**** Records shown ****

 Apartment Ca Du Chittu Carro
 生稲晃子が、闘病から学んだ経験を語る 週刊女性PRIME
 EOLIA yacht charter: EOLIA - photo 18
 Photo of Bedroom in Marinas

****
**** Records shown ****

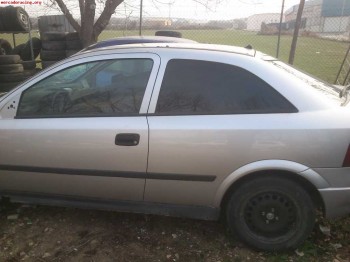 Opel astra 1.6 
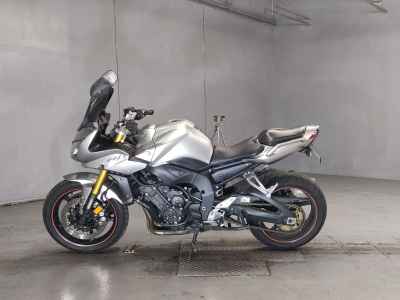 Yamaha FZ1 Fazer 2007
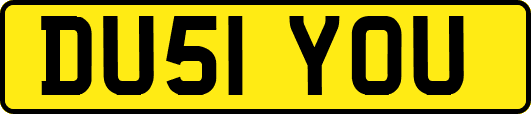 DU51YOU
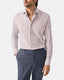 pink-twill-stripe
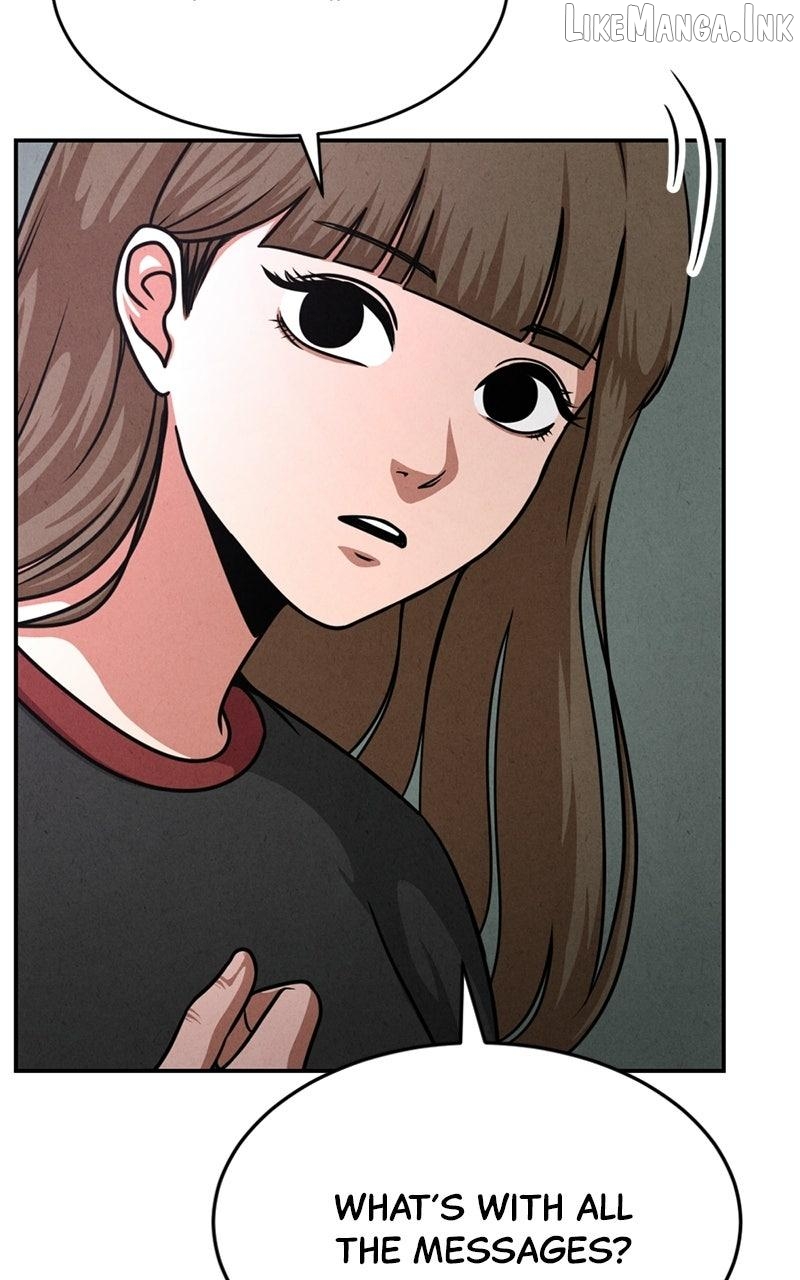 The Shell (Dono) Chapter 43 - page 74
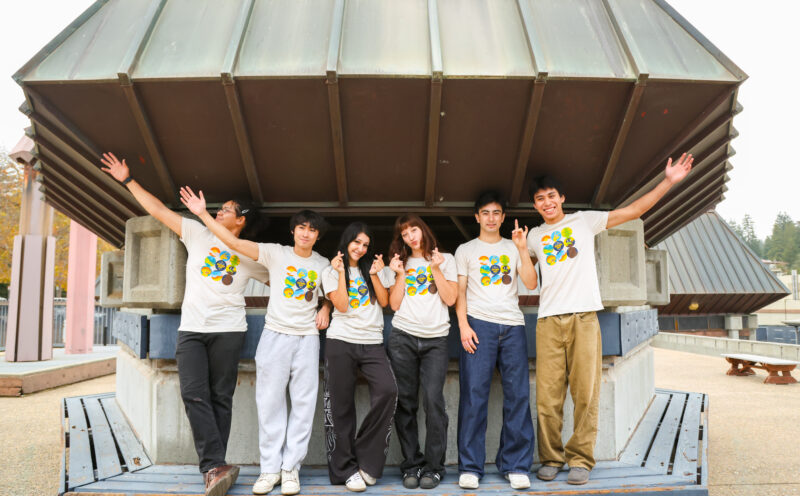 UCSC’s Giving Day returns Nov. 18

****

Exercise:
From the material above, reproduce only what runs from the line holding "Opel astra 1.6" down to the line holding "UCSC’s Giving Day returns Nov. 18", both included, pictures excluded.

Solution to the problem:
 Opel astra 1.6 
 Yamaha FZ1 Fazer 2007
 DU51YOU
 pink-twill-stripe
 The Shell (Dono) Chapter 43 - page 74
 UCSC’s Giving Day returns Nov. 18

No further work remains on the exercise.